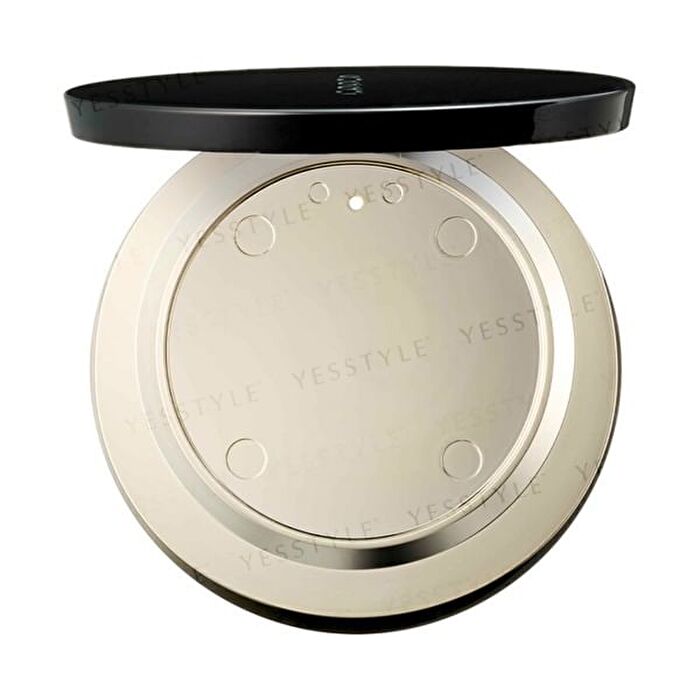 Suqqu Setting Powder Compact Case - 1 pc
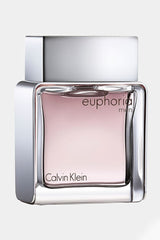 Calvin Klein - Euphoria Eau de Toilette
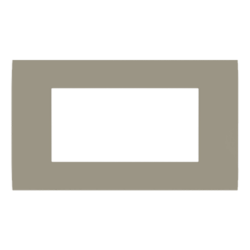 ^ MODYS ΠΛΑΙΣΙΟ 4 ΣΤ. ΙΒΟΥΑΡ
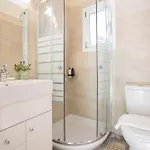 Villa Boo Premium Living
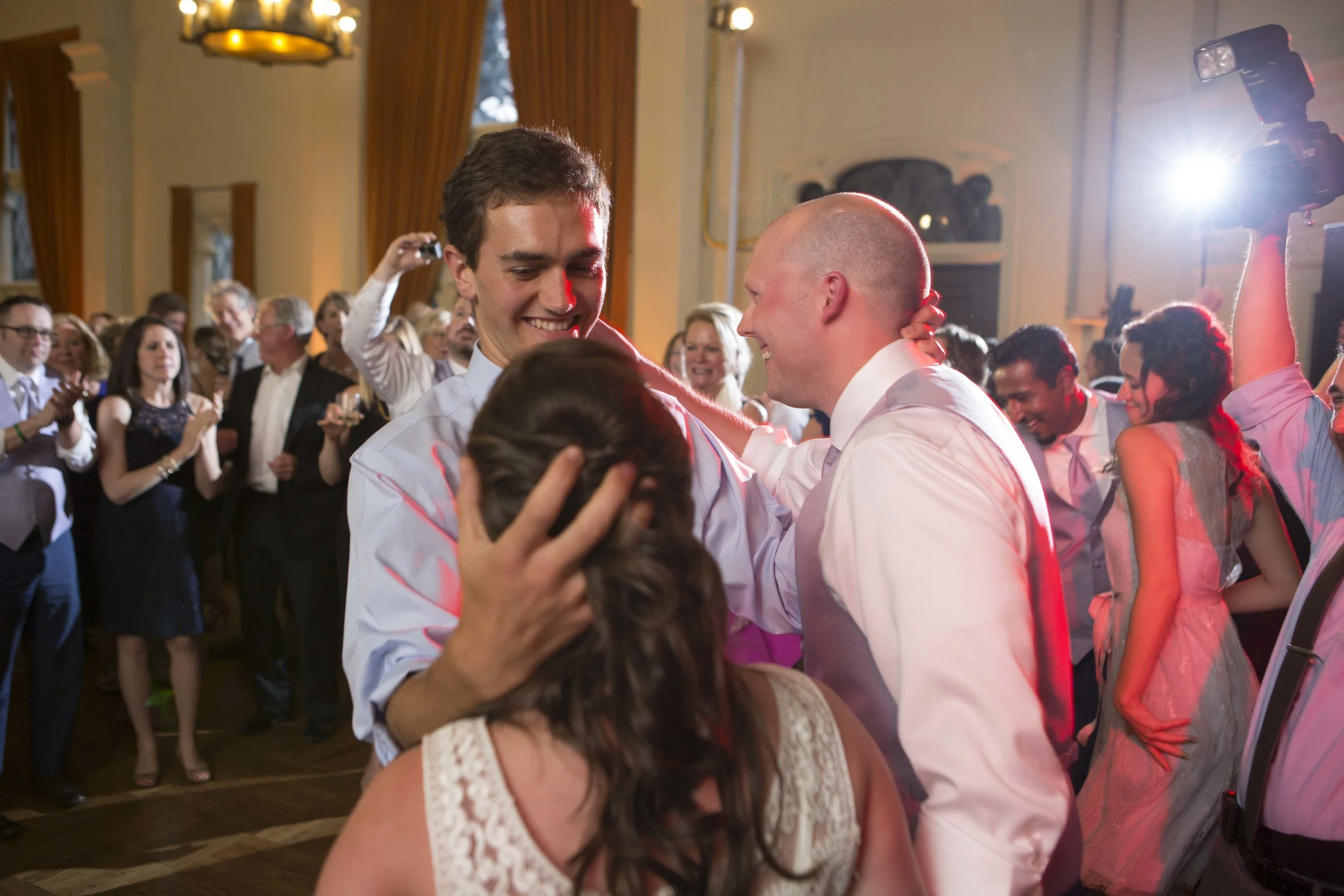 IMG_2059_edit.JPG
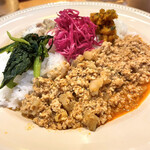 ボンズ クラウネル - 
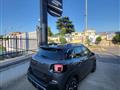 CITROEN C3 AIRCROSS BlueHDi 110 S&S Shine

→ **About this exercise**
Beginning with the line that holds "4 ΣΤ. ΙΒΟΥΑΡ", return each line through the end of the records above exactly. Do not include pictures.

→ **Exercise result**
 ^ MODYS ΠΛΑΙΣΙΟ 4 ΣΤ. ΙΒΟΥΑΡ
 Villa Boo Premium Living
 IMG_2059_edit.JPG
 ボンズ クラウネル - 
 CITROEN C3 AIRCROSS BlueHDi 110 S&S Shine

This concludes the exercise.